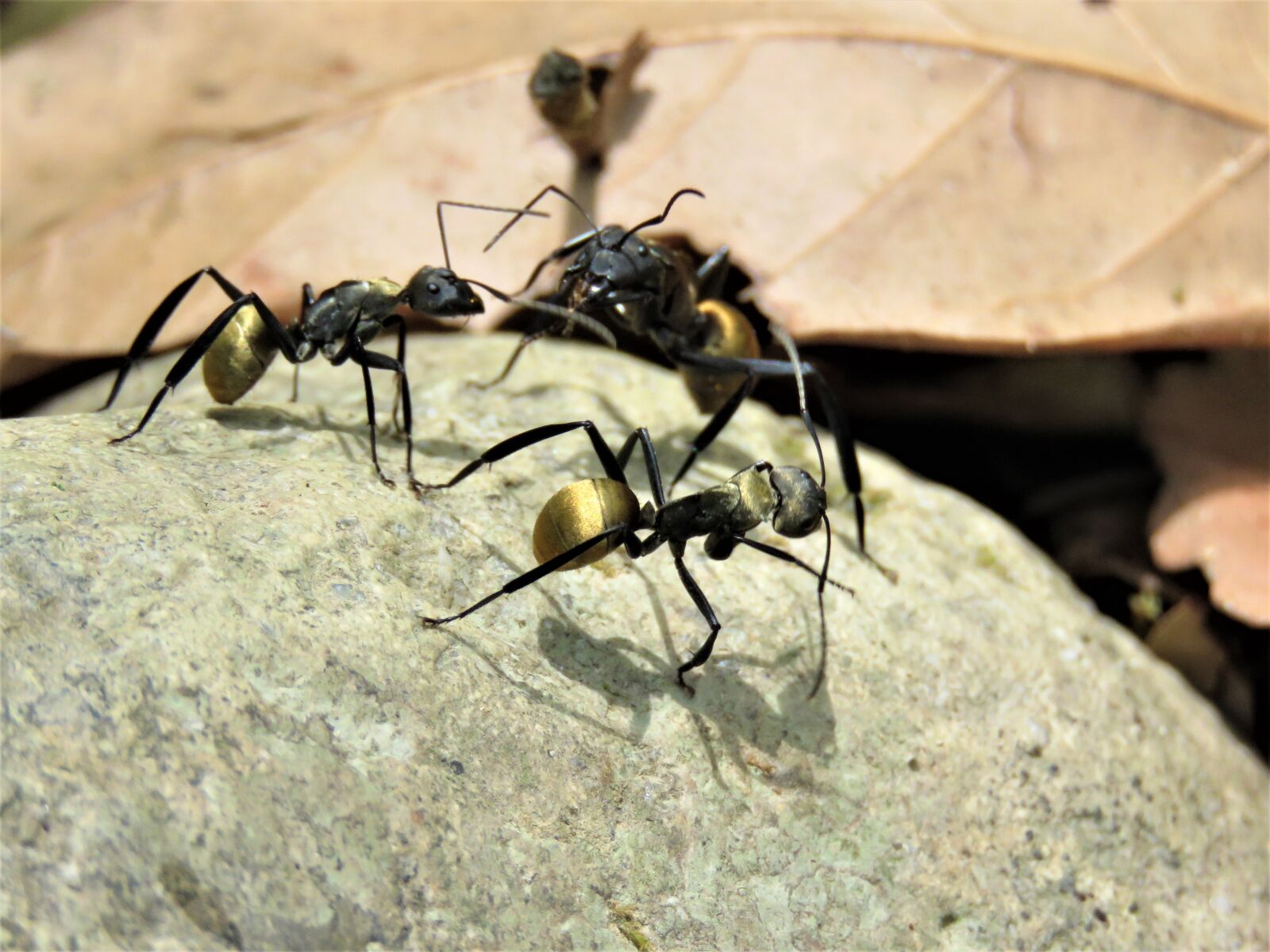 Canon PowerShot SX60 HS sample photo. Golden tailed spiny ant photography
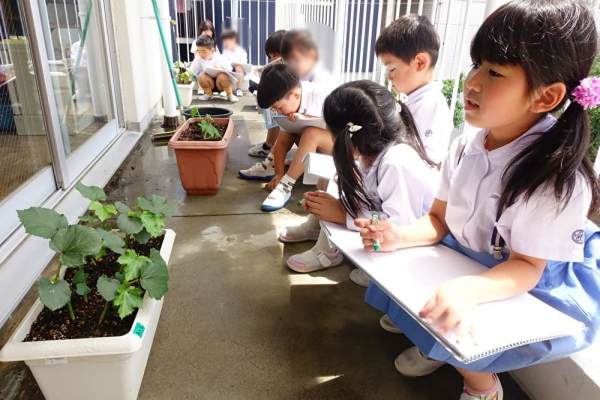 夏野菜を育てるぞ！《年長》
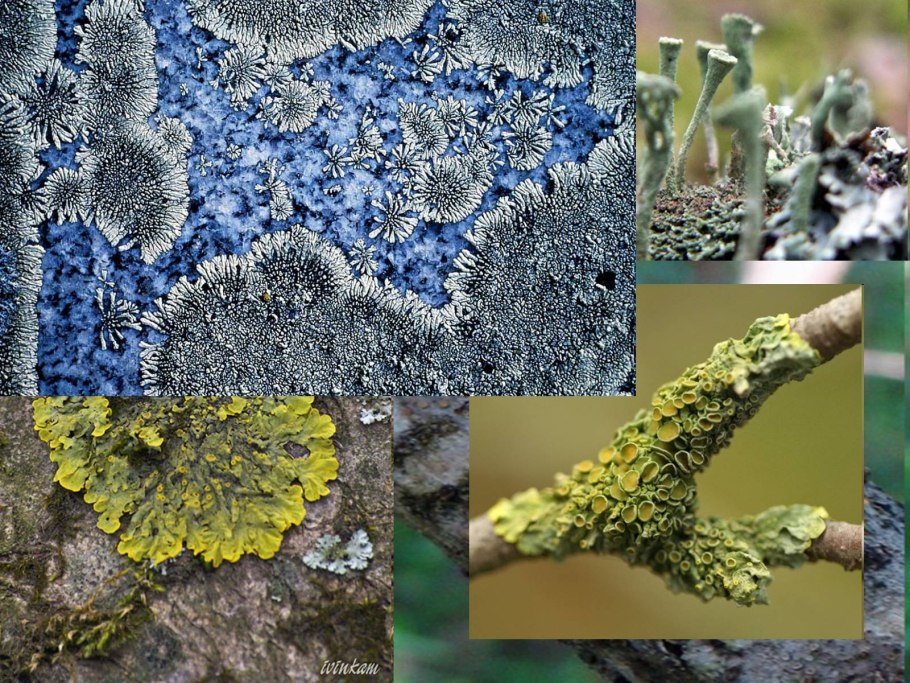 Листоватые лишайники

What is required — Everything above should be given again exactly, apart from the pictures.

Problem solution —
 Canon PowerShot SX60 HS sample photo. Golden tailed spiny ant photography
 夏野菜を育てるぞ！《年長》
 Листоватые лишайники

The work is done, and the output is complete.